А. Б.: Не знаю. Я это не называю провокацией. Но так или иначе я всегда снимаю радикальное кино: для меня, так скажем, каждый фильм является экспериментом. Я не могу снимать обычные драмы или мелодрамы — для меня это неорганично. Я с детства писал рассказы — странные такие, радикальные. Вообще всегда был против чего-то. Думаю, что этот пафос еще с советского времени у меня остался. Потому что когда-то я начинал с рок-н-ролла, снимал фильм про свердловских рок-н-ролльщиков в 85-м году, когда их еще запрещали, и меня тогда давили, душили, пинали. И, собственно, отчасти кино мое рок-н-ролльное.

И. Л.: Ну, а критики его называют эстетским.

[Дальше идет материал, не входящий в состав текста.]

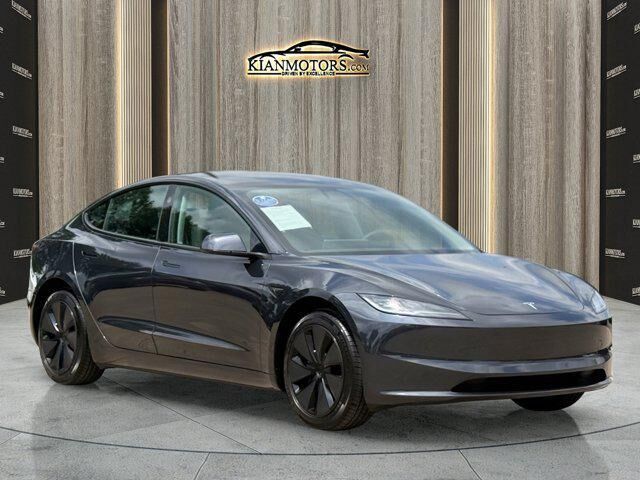2025 TESLA Model 3
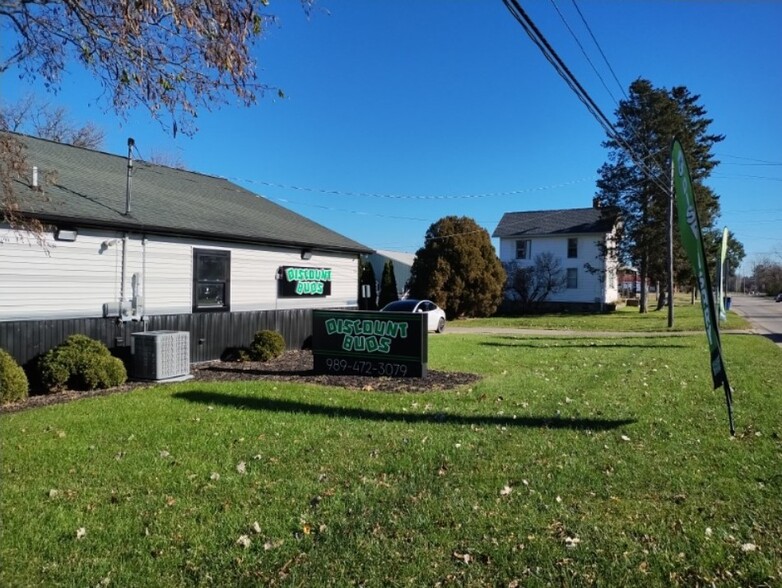 317 S McDonnell St, Corunna, MI for lease - Primary Photo - Image 1 of 24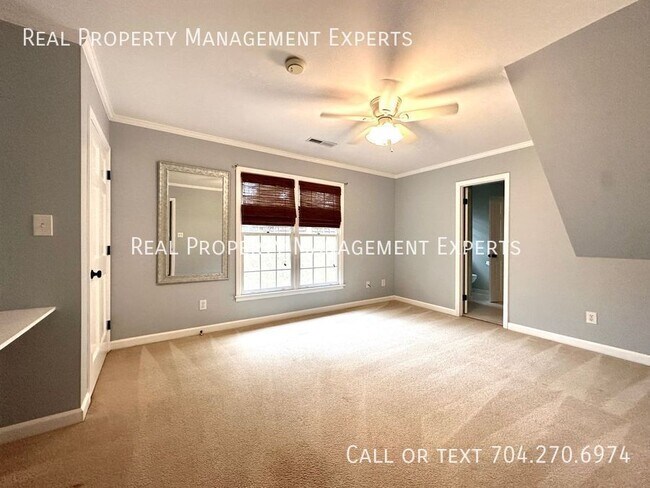 Building Photo - 640 Barington Pl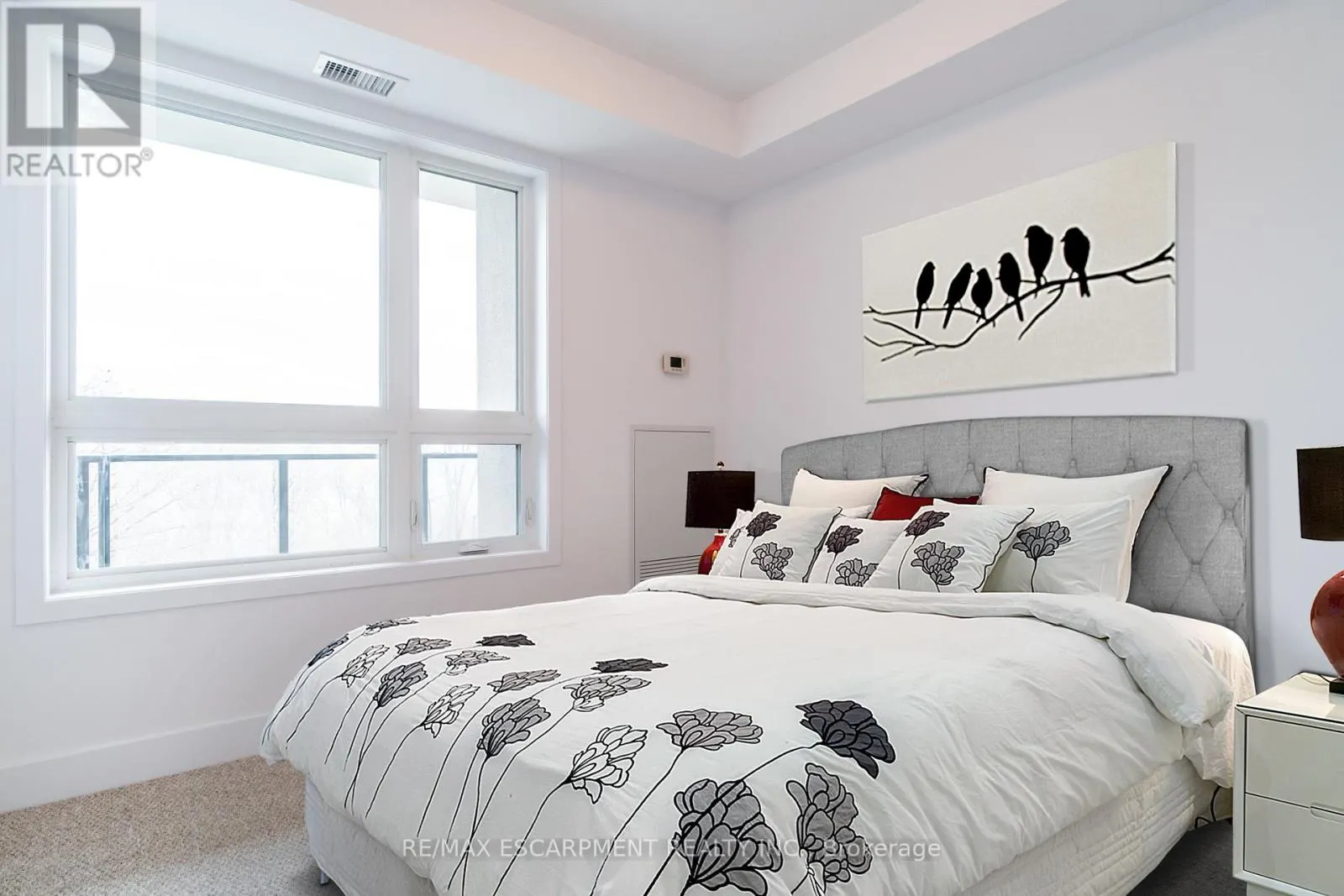523 - 125 SHOREVIEW PLACE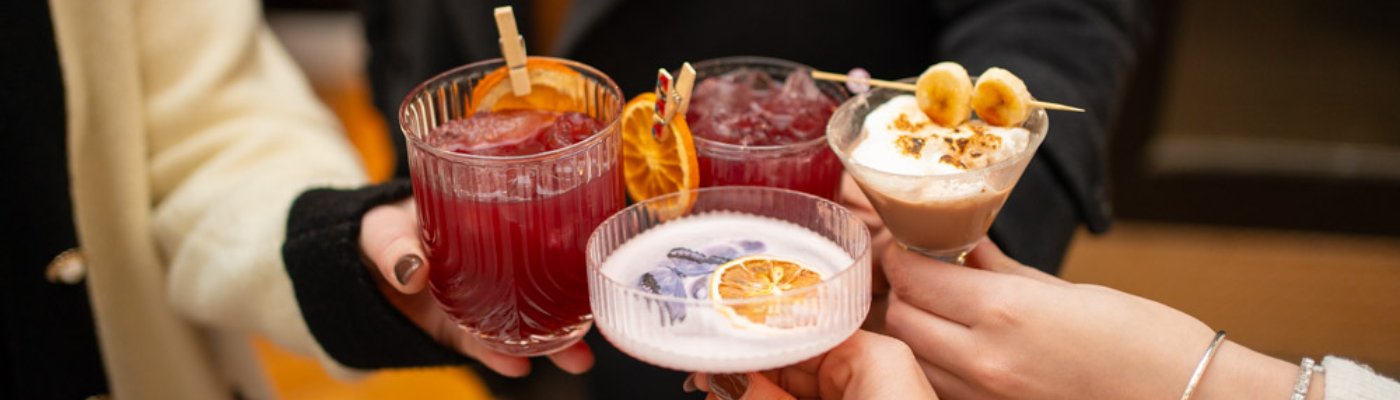 With a Splash Mobile Bar gallery image 1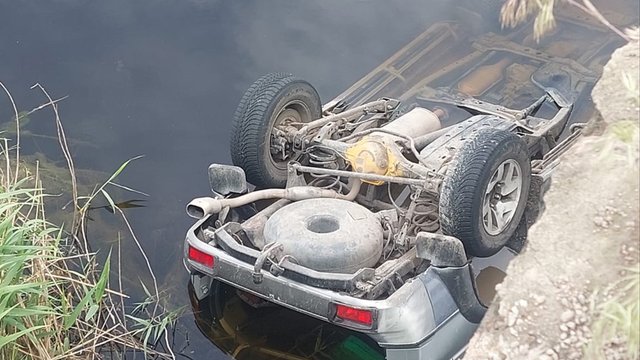 ДТП на Миколаївщині: Позашляховик упав з мосту у воду, постраждали четверо дітей та двоє дорослих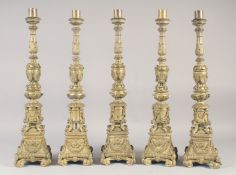 A GOOD SET OF FOUR 18TH CENTURY VENETIAN GILT BRONZE ALTER STYLE CANDLESTICKS with a cylindrical
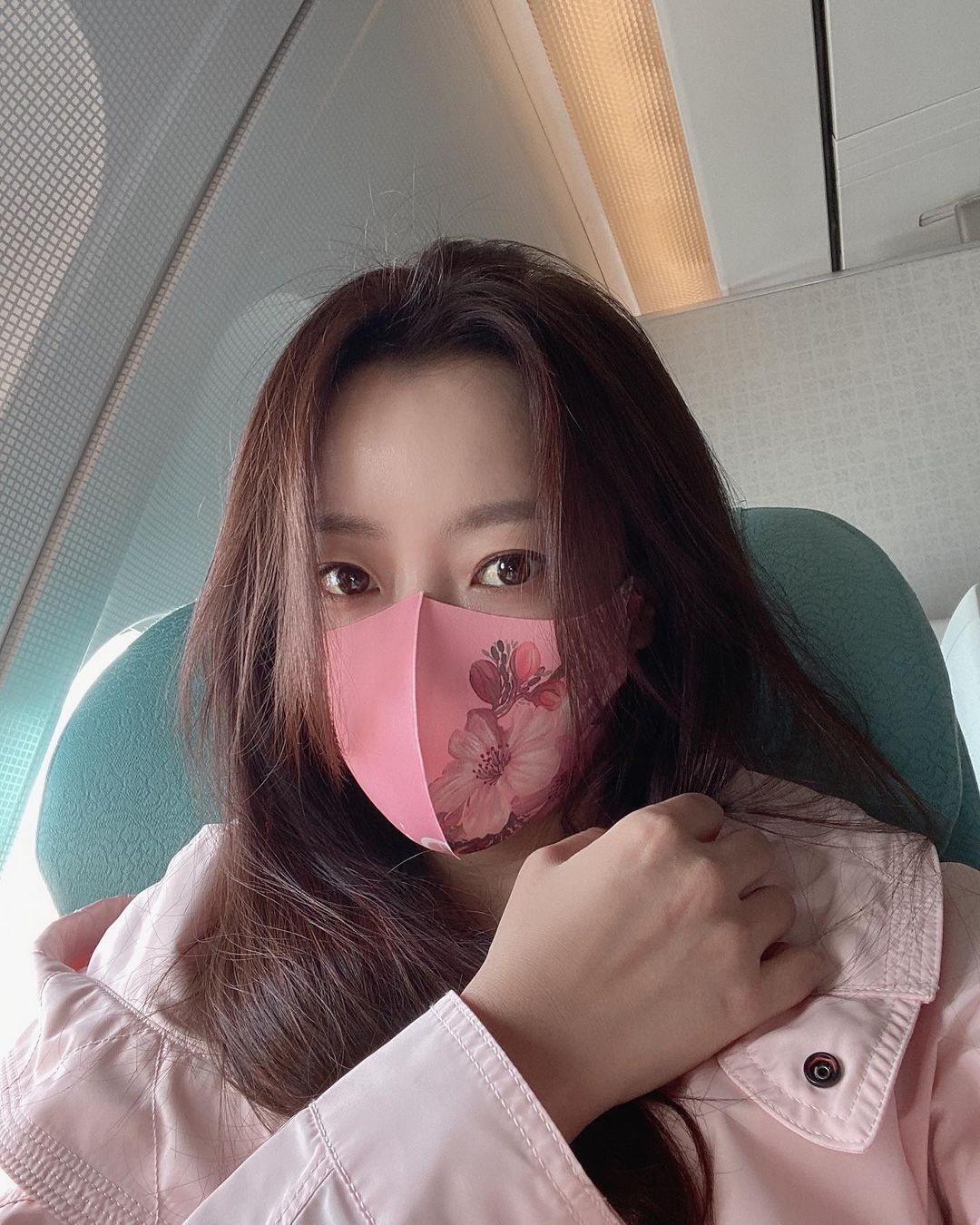 본문 이미지 - 배우 김희선/ 사진=김희선 인스타그램 ⓒ 뉴스1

А. Б.: В современном кино эстетствовать трудно. И я совсем не считаю свои фильмы эстетскими. Просто мои картины не были скучными. За исключением, наверное, «Счастливых дней», но тогда у жизни ритм был другой. Сегодня, конечно, этот фильм кажется слишком длинным. Время меняет ритм, я вижу эти изменения. Эстетство здесь ни при чем. Кафка и Беккет мне нравились потому, что они не имели совершенно никакого отношения к реальному миру. Самое интересное для меня — это создать абсолютно искусственный мир с абсолютно реальными фактурами. Это работает: реальная фактура создает ощущение достоверности, и тогда условный персонаж вызывает у зрителей живые эмоции.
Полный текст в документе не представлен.